▶ **Task directions**
Return the entries below exactly as written.

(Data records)
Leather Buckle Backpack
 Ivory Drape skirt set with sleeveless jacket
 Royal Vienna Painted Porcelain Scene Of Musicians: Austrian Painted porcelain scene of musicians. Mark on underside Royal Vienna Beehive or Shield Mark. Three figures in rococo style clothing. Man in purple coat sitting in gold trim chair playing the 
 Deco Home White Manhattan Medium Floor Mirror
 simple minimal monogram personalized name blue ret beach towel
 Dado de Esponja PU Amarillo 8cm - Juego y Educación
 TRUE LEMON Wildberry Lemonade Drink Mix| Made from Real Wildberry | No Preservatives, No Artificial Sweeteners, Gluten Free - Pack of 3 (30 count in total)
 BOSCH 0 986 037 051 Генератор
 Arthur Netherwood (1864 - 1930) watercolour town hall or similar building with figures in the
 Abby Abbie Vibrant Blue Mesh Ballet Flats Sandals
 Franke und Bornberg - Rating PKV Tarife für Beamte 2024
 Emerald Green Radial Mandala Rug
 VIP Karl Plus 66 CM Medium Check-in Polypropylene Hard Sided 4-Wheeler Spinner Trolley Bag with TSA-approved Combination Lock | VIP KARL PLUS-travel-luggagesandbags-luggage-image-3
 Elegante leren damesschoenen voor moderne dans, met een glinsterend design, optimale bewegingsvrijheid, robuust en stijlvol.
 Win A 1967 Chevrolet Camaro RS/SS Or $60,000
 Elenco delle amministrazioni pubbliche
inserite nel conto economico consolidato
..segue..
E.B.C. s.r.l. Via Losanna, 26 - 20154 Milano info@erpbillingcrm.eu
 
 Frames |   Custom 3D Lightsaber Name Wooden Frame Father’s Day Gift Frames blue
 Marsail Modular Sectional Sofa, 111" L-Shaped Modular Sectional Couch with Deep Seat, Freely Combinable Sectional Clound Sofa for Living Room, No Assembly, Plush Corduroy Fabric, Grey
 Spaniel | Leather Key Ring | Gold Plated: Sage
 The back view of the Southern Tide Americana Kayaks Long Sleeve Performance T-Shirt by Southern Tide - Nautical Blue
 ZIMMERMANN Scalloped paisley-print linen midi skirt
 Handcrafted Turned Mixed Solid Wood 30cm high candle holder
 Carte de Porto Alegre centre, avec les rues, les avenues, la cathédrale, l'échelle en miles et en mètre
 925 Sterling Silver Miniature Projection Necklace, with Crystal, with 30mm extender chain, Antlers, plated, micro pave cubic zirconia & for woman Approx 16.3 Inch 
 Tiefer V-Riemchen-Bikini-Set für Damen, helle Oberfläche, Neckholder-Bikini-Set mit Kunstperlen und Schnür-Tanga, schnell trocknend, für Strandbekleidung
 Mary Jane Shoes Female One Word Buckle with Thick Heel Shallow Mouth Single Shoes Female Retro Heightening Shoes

▶ **Result of this task**
Leather Buckle Backpack
 Ivory Drape skirt set with sleeveless jacket
 Royal Vienna Painted Porcelain Scene Of Musicians: Austrian Painted porcelain scene of musicians. Mark on underside Royal Vienna Beehive or Shield Mark. Three figures in rococo style clothing. Man in purple coat sitting in gold trim chair playing the 
 Deco Home White Manhattan Medium Floor Mirror
 simple minimal monogram personalized name blue ret beach towel
 Dado de Esponja PU Amarillo 8cm - Juego y Educación
 TRUE LEMON Wildberry Lemonade Drink Mix| Made from Real Wildberry | No Preservatives, No Artificial Sweeteners, Gluten Free - Pack of 3 (30 count in total)
 BOSCH 0 986 037 051 Генератор
 Arthur Netherwood (1864 - 1930) watercolour town hall or similar building with figures in the
 Abby Abbie Vibrant Blue Mesh Ballet Flats Sandals
 Franke und Bornberg - Rating PKV Tarife für Beamte 2024
 Emerald Green Radial Mandala Rug
 VIP Karl Plus 66 CM Medium Check-in Polypropylene Hard Sided 4-Wheeler Spinner Trolley Bag with TSA-approved Combination Lock | VIP KARL PLUS-travel-luggagesandbags-luggage-image-3
 Elegante leren damesschoenen voor moderne dans, met een glinsterend design, optimale bewegingsvrijheid, robuust en stijlvol.
 Win A 1967 Chevrolet Camaro RS/SS Or $60,000
 Elenco delle amministrazioni pubbliche
inserite nel conto economico consolidato
..segue..
E.B.C. s.r.l. Via Losanna, 26 - 20154 Milano info@erpbillingcrm.eu
 
 Frames |   Custom 3D Lightsaber Name Wooden Frame Father’s Day Gift Frames blue
 Marsail Modular Sectional Sofa, 111" L-Shaped Modular Sectional Couch with Deep Seat, Freely Combinable Sectional Clound Sofa for Living Room, No Assembly, Plush Corduroy Fabric, Grey
 Spaniel | Leather Key Ring | Gold Plated: Sage
 The back view of the Southern Tide Americana Kayaks Long Sleeve Performance T-Shirt by Southern Tide - Nautical Blue
 ZIMMERMANN Scalloped paisley-print linen midi skirt
 Handcrafted Turned Mixed Solid Wood 30cm high candle holder
 Carte de Porto Alegre centre, avec les rues, les avenues, la cathédrale, l'échelle en miles et en mètre
 925 Sterling Silver Miniature Projection Necklace, with Crystal, with 30mm extender chain, Antlers, plated, micro pave cubic zirconia & for woman Approx 16.3 Inch 
 Tiefer V-Riemchen-Bikini-Set für Damen, helle Oberfläche, Neckholder-Bikini-Set mit Kunstperlen und Schnür-Tanga, schnell trocknend, für Strandbekleidung
 Mary Jane Shoes Female One Word Buckle with Thick Heel Shallow Mouth Single Shoes Female Retro Heightening Shoes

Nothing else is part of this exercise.